§ Task objective
Scan the records below for the line with "Swan Neck Dome" and the line with "Placa de Vídeo". Repeat those two lines and every line between them exactly, and nothing else.

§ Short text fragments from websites
----

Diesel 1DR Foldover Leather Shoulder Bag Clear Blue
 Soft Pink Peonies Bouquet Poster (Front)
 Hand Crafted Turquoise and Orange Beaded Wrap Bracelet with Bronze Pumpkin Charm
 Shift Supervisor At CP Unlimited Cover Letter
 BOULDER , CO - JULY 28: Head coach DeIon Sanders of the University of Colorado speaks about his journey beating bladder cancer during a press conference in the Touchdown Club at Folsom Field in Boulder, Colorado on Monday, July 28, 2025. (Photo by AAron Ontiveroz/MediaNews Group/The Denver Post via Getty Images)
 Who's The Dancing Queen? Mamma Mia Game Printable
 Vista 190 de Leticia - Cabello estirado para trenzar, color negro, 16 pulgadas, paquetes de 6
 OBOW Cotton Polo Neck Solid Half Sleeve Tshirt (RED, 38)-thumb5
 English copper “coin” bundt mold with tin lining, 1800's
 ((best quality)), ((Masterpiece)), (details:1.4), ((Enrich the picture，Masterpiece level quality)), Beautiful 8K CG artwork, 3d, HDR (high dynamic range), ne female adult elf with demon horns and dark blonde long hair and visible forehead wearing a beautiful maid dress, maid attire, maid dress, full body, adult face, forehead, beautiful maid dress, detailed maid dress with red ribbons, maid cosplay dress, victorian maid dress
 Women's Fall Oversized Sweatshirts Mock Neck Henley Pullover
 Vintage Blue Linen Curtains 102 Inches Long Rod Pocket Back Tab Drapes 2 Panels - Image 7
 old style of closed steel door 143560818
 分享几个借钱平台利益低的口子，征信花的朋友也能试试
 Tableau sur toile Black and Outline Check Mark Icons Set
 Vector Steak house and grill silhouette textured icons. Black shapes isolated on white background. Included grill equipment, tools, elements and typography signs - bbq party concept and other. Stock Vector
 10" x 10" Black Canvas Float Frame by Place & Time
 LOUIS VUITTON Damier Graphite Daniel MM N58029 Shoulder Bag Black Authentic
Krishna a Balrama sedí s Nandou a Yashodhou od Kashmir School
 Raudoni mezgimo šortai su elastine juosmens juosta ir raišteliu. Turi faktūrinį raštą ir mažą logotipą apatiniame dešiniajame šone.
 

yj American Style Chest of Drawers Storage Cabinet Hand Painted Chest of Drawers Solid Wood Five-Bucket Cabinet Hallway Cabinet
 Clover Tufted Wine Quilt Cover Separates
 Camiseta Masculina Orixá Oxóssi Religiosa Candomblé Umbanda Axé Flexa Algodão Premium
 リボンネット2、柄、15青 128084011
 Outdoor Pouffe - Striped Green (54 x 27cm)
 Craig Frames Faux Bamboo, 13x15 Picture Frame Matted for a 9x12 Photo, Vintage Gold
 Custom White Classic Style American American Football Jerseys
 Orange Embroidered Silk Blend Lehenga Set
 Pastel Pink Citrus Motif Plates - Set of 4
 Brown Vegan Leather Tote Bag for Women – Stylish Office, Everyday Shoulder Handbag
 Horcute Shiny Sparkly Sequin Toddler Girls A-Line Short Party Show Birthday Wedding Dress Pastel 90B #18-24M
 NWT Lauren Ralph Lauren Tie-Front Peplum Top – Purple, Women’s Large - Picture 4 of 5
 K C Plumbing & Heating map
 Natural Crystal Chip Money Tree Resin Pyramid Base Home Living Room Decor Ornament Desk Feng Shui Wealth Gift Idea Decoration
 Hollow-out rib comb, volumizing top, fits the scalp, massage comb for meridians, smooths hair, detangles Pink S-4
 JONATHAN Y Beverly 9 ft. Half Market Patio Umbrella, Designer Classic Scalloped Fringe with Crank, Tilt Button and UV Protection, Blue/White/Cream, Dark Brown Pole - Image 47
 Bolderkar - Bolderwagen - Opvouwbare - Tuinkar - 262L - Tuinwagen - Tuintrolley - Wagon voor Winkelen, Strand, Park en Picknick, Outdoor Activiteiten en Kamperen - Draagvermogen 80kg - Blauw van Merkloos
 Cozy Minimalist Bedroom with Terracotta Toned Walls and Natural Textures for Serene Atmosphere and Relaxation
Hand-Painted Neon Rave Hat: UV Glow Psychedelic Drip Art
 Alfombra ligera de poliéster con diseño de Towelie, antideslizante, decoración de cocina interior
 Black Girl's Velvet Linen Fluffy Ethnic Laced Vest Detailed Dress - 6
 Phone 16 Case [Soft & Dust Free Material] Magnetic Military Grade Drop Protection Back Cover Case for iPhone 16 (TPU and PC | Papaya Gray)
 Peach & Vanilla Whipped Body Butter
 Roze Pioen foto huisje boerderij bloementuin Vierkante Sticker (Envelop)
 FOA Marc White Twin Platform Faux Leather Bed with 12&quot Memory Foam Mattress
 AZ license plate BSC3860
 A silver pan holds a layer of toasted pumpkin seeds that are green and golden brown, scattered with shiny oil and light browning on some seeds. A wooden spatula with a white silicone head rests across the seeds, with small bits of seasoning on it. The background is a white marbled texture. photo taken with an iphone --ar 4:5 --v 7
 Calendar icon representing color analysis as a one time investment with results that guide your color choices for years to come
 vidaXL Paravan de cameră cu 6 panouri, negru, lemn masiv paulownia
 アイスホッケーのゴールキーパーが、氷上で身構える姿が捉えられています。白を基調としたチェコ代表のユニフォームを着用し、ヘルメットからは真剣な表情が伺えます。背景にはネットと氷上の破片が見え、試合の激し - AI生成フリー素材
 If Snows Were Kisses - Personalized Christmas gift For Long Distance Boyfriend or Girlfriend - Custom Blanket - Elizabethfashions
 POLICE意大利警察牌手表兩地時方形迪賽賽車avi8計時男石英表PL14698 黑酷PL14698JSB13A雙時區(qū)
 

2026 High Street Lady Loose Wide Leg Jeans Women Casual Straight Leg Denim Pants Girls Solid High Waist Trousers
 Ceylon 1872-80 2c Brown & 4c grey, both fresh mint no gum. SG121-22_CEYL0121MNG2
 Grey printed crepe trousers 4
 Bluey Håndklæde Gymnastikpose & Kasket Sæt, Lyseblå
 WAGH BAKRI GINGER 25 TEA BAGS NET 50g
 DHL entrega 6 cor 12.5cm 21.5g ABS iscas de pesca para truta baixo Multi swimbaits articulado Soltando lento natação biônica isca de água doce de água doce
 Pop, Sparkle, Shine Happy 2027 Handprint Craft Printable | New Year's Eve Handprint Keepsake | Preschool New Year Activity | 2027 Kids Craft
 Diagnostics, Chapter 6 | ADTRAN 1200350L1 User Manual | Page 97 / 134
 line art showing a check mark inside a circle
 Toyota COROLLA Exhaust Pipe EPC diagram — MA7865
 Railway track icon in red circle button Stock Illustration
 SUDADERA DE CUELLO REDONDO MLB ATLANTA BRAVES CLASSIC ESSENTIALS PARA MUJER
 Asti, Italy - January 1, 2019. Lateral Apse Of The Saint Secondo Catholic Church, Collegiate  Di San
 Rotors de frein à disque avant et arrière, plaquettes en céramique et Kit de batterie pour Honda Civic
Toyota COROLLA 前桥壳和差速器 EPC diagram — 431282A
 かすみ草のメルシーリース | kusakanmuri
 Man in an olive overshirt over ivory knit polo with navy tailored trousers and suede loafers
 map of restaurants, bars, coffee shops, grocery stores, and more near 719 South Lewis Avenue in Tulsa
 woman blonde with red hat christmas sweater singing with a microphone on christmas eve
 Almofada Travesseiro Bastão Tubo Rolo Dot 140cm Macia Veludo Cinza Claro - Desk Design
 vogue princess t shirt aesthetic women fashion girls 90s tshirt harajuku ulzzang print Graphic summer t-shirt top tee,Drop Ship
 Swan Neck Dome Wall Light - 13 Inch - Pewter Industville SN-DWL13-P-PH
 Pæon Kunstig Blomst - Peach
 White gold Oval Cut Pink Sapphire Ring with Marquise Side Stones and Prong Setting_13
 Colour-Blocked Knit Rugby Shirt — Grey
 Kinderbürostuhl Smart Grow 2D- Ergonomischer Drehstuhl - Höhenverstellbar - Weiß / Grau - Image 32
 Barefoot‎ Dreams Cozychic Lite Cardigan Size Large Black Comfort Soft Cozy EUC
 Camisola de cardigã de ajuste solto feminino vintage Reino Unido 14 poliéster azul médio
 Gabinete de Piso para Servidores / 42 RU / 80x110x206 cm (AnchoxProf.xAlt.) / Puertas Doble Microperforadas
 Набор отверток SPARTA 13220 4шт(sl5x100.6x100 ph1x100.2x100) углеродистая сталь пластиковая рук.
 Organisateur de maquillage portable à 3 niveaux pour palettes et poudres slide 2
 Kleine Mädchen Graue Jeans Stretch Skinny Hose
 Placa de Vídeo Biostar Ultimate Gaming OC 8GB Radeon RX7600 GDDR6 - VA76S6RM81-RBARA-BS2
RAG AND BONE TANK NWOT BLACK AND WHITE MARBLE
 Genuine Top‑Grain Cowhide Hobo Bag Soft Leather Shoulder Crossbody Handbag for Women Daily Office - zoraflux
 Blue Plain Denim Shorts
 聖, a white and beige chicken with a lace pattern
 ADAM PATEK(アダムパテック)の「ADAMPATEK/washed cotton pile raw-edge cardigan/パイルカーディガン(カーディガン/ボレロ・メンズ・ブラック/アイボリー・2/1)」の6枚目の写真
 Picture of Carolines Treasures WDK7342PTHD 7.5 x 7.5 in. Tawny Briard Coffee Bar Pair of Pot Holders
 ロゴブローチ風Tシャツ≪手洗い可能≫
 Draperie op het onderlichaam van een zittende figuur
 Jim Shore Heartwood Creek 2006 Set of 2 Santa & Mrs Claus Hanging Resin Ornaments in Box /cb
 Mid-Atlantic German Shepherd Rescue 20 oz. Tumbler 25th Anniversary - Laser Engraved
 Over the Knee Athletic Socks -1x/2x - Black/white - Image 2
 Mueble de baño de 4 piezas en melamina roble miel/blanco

----

§ Exercise output
 Swan Neck Dome Wall Light - 13 Inch - Pewter Industville SN-DWL13-P-PH
 Pæon Kunstig Blomst - Peach
 White gold Oval Cut Pink Sapphire Ring with Marquise Side Stones and Prong Setting_13
 Colour-Blocked Knit Rugby Shirt — Grey
 Kinderbürostuhl Smart Grow 2D- Ergonomischer Drehstuhl - Höhenverstellbar - Weiß / Grau - Image 32
 Barefoot‎ Dreams Cozychic Lite Cardigan Size Large Black Comfort Soft Cozy EUC
 Camisola de cardigã de ajuste solto feminino vintage Reino Unido 14 poliéster azul médio
 Gabinete de Piso para Servidores / 42 RU / 80x110x206 cm (AnchoxProf.xAlt.) / Puertas Doble Microperforadas
 Набор отверток SPARTA 13220 4шт(sl5x100.6x100 ph1x100.2x100) углеродистая сталь пластиковая рук.
 Organisateur de maquillage portable à 3 niveaux pour palettes et poudres slide 2
 Kleine Mädchen Graue Jeans Stretch Skinny Hose
 Placa de Vídeo Biostar Ultimate Gaming OC 8GB Radeon RX7600 GDDR6 - VA76S6RM81-RBARA-BS2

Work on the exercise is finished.